Nowy, centroprawicowy rząd utworzą te same partie, które weszły w skład poprzedniego gabinetu: Partia Ludowa na rzecz Wolności i Demokracji (VVD), Demokraci 66 (D66), Apel Chrześcijańsko-Demokratyczny (CDA) i Unia Chrześcijańska (CU). Teraz rząd musi jeszcze uzyskać wotum zaufania.
Rutte: Mamy świetne porozumienie
271 dni to zdecydowany rekord, jeśli chodzi o czas trwania rozmów koalicyjnych w Holandii. Co więcej, został on pobity już po raz drugi z rzędu. Dotychczasowy rekord wynosił 225 dni – tyle zajęło sformowanie poprzedniego rządu.
Przedłużanie się negocjacji było po części konsekwencją tego, że premier Mark Rutte, lider zwycięskiej VVD, miał ograniczone pole manewru przy formowaniu koalicji. Ze względu na silne rozdrobnienie holenderskiej sceny politycznej VVD uzyskała w marcowych wyborach jedynie 22 proc., a zatem aby zapewnić sobie większość w parlamencie, musiała ona albo porozumieć się z wszystkimi dotychczasowymi koalicjantami, albo zaprosić do koalicji partie lewicowe.
Mimo że szefowa Demokratów 66 (którzy uzyskali w wyborach drugi najlepszy wynik) Sigrid Kaag opowiadała się raczej za tym drugim rozwiązaniem, to w końcu zwyciężyła opcja kontynuacji współpracy z partiami prawicowymi.
Powołanie po raz kolejny na premiera Rutte oznacza z kolei, że jeśli dotrwa on na tym stanowisku do końca kadencji, zostanie najdłużej pełniącą tę funkcję osobą w historii kraju. Jest on także drugim po węgierskim premierze Viktorze Orbánie najdłużej sprawującym władzę z obecnych szefów rządów w UE.
„Mamy świetne porozumienie, ale wszystko zależy od tego, jak sprawdzi się ono w praktyce”, stwierdził Rutte, odnosząc się do wynegocjowanej umowy. Pytany o warunki umowy, oznajmił, że zostanie ona przedstawiona w środę (15 grudnia). „Na poziomie negocjatorów umowa jest już zawarta, ale musi ona jeszcze zostać zaakceptowana przez partie i przez parlament. Tak więc pozostało jeszcze trochę do zrobienia”, wyjaśnił.
Trudne dziewięciomiesięczne rozmowy
Niemal dziewięciomiesięczne negocjacje koalicyjne momentami były burzliwe.

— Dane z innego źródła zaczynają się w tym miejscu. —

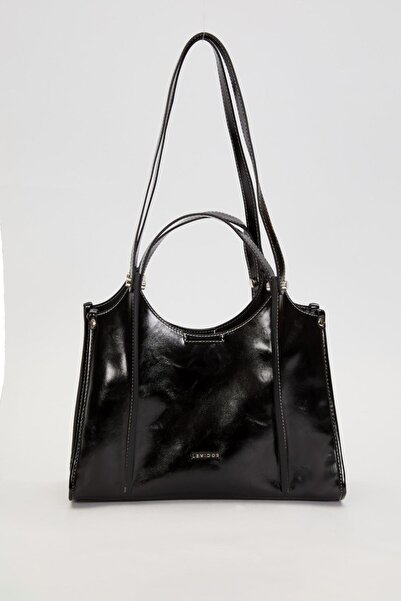 Levidor Black Double Compartment Large Shoulder Bag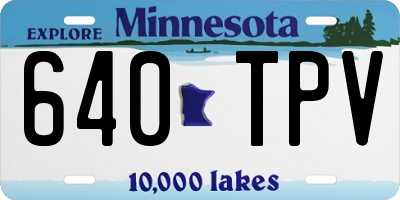 MN license plate 640TPV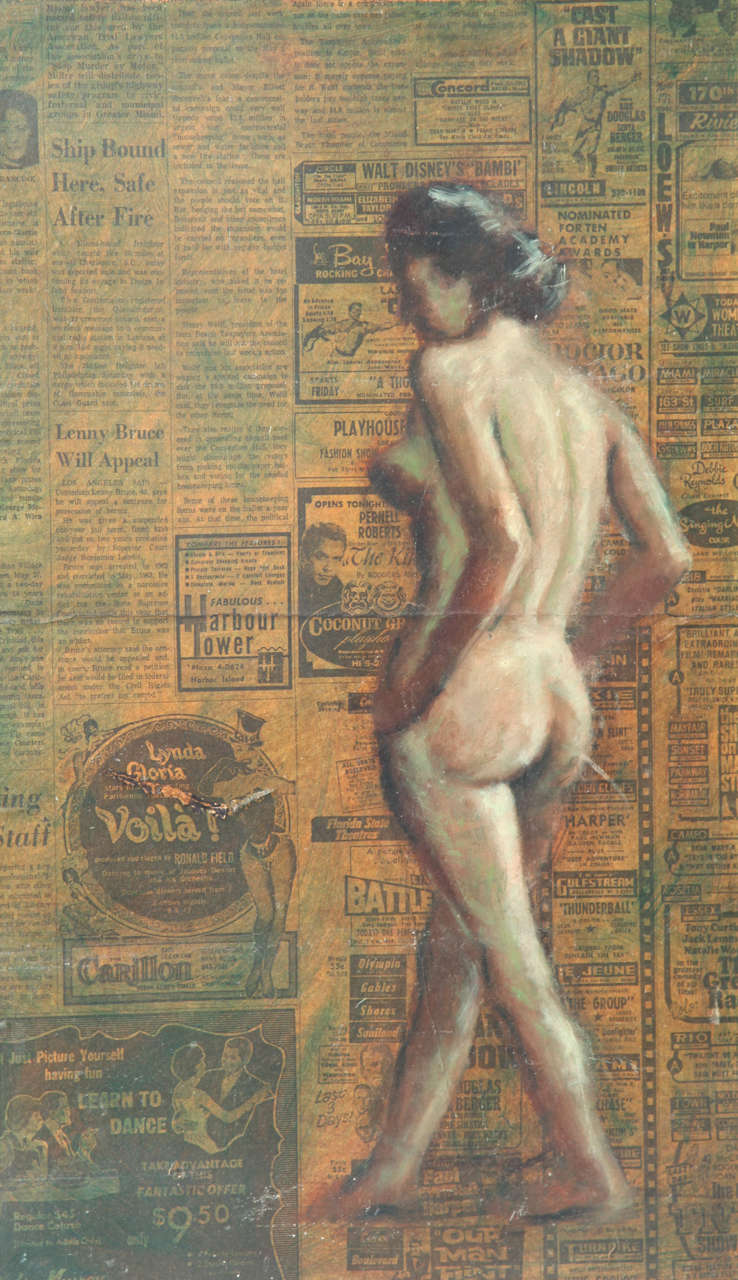 Nude Oil Painting on Vintage Print of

Ich powodzeniu najbardziej zagroziła afera, jaka wybuchła na przełomie marca i kwietnia. Markowi Rutte zarzucono wówczas, że prowadził zakulisowe rozmowy w sprawie obsadzenia jednego z ministerstw, a później wszystkiego się wyparł.

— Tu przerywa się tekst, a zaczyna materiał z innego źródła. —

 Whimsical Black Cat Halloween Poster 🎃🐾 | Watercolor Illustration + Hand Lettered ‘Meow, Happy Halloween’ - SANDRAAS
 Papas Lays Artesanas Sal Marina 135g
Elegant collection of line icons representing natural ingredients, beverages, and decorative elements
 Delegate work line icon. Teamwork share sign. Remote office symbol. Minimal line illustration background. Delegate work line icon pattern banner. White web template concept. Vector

Gdy opublikowano dokumenty, świadczące o tym, że faktyczni uczestniczył w takich dyskusjach, stwierdził, że „źle zapamiętał” to, co się wydarzyło. Parlamentarne głosowanie w sprawie wotum nieufności udało mu się jednak przetrwać.
Inna afera dotyczyła rozmów z Rosją, jakie rząd Rutte miał prowadzić w 2017 r., dotyczących „różnych projektów energetycznych”. Tweede Kamer, niższa izba holenderskiego parlamentu ponoć nie była dostatecznie poinformowana o treści tych rozmów, m.in. o tym, że dotyczyły one także gazociągu Nord Stream 2 oraz sankcji UE przeciwko Rosji. Sprawa ta wzburzyła jednak, rzecz jasna, nie tyle koalicjantów, ile partie pozostające w opozycji.

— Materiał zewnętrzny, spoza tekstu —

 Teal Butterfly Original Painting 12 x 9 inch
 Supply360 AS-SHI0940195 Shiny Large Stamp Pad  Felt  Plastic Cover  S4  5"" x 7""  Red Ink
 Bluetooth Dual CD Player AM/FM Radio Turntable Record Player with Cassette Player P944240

Priorytety przyszłego rządu
Nowy rząd obejmie władzę najprawdopodobniej już po sezonie świątecznym, na początku przyszłego roku. Wśród priorytetów przyszłego gabinetu zdaniem mediów znajdą się zapewne polityka mieszkaniowa i działania mające na celu zaradzenie niedoborowi mieszkań, świadczenia na dzieci oraz podniesienie wydatków na służbę zdrowia i szkolnictwo.
Władze będą też musiały podjąć działania na rzecz walki ze zmianą klimatu. Jak zauważa agencja Reutera, Holandia od lat nie radzi sobie z dotrzymywaniem celów w zakresie ochrony środowiska i pozostaje jednym z krajów o najwyższym poziomie emisji dwutlenku węgla per capita w UE.